Look through the entries below and copy exactly the part that begins with the line containing "43 Seabrook Cove, Newport Beach, CA 92660" and ends with the line containing "راهنما آدم آهنی". Do not copy the pictures.

§ Material provided
= = = =
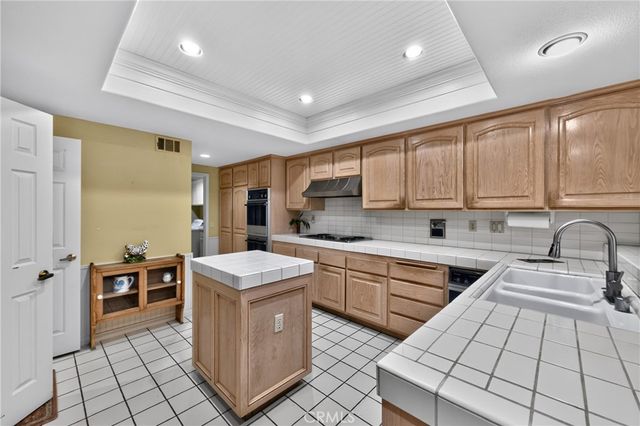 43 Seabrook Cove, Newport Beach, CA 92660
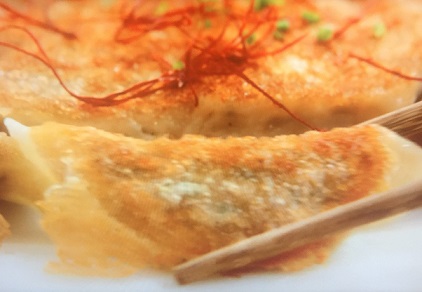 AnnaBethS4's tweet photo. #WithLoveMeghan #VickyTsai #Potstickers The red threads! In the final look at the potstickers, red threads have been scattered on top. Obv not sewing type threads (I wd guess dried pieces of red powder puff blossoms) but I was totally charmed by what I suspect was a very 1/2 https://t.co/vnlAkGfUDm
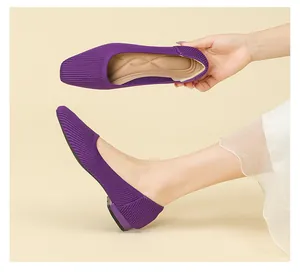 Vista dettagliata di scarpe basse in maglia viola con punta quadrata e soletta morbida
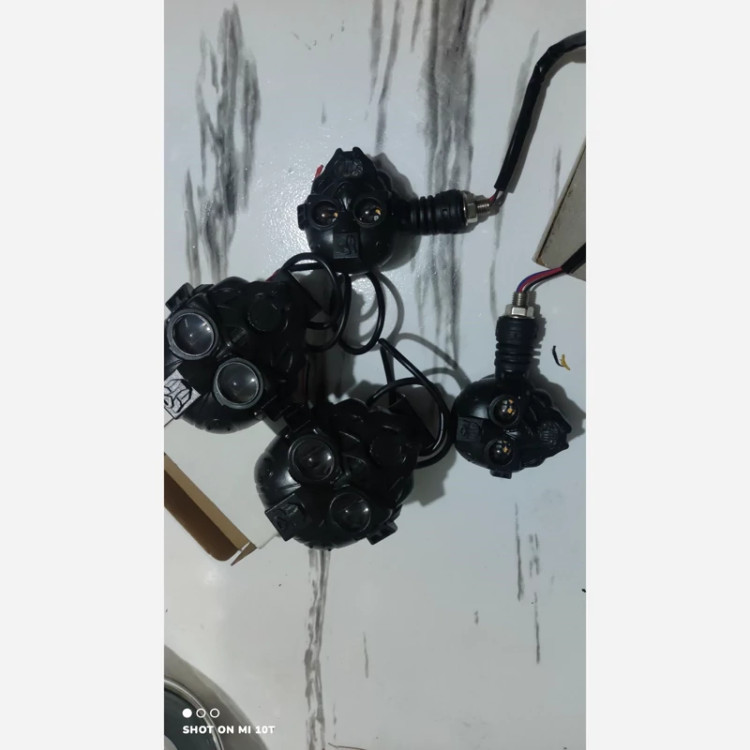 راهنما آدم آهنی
= = = =
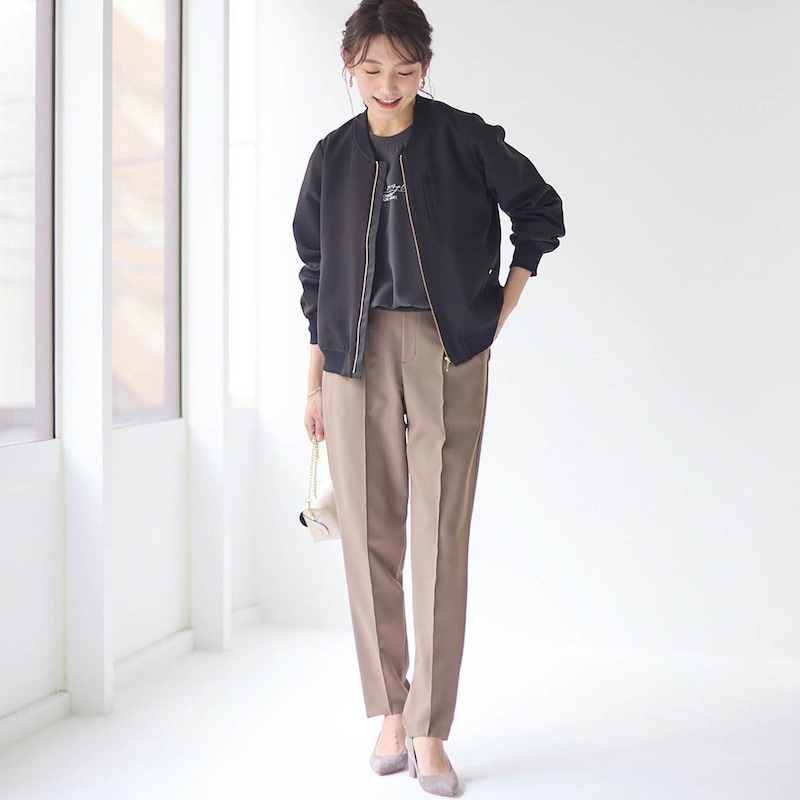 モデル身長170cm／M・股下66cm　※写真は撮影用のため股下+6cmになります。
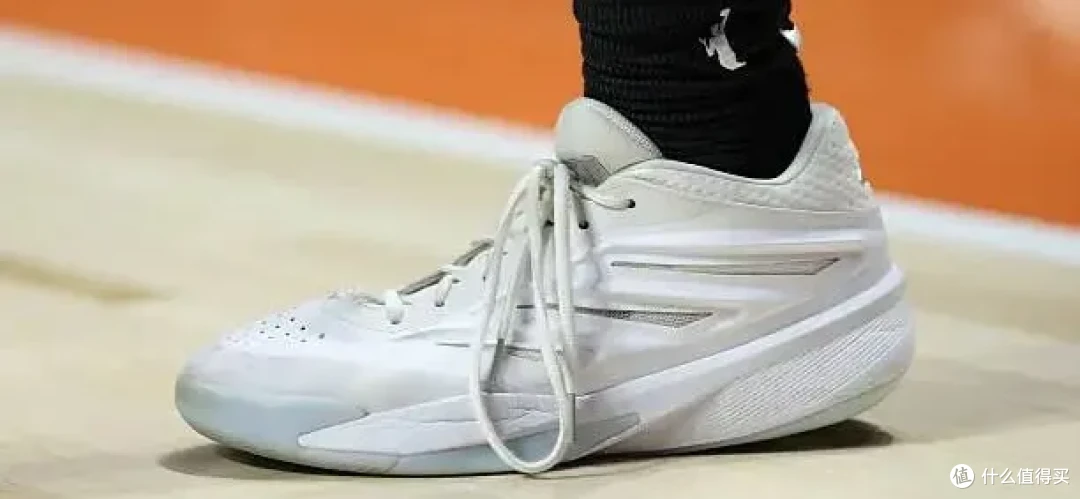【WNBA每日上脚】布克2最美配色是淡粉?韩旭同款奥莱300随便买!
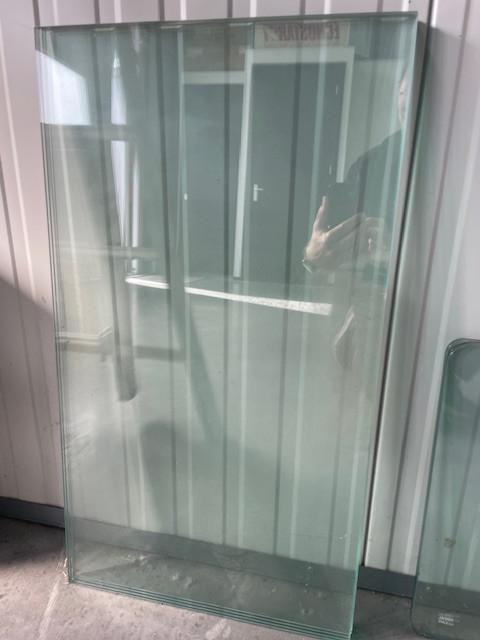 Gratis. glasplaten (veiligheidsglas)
= = = =
§ Answer section
 43 Seabrook Cove, Newport Beach, CA 92660
 AnnaBethS4's tweet photo. #WithLoveMeghan #VickyTsai #Potstickers The red threads! In the final look at the potstickers, red threads have been scattered on top. Obv not sewing type threads (I wd guess dried pieces of red powder puff blossoms) but I was totally charmed by what I suspect was a very 1/2 https://t.co/vnlAkGfUDm
 Vista dettagliata di scarpe basse in maglia viola con punta quadrata e soletta morbida
 راهنما آدم آهنی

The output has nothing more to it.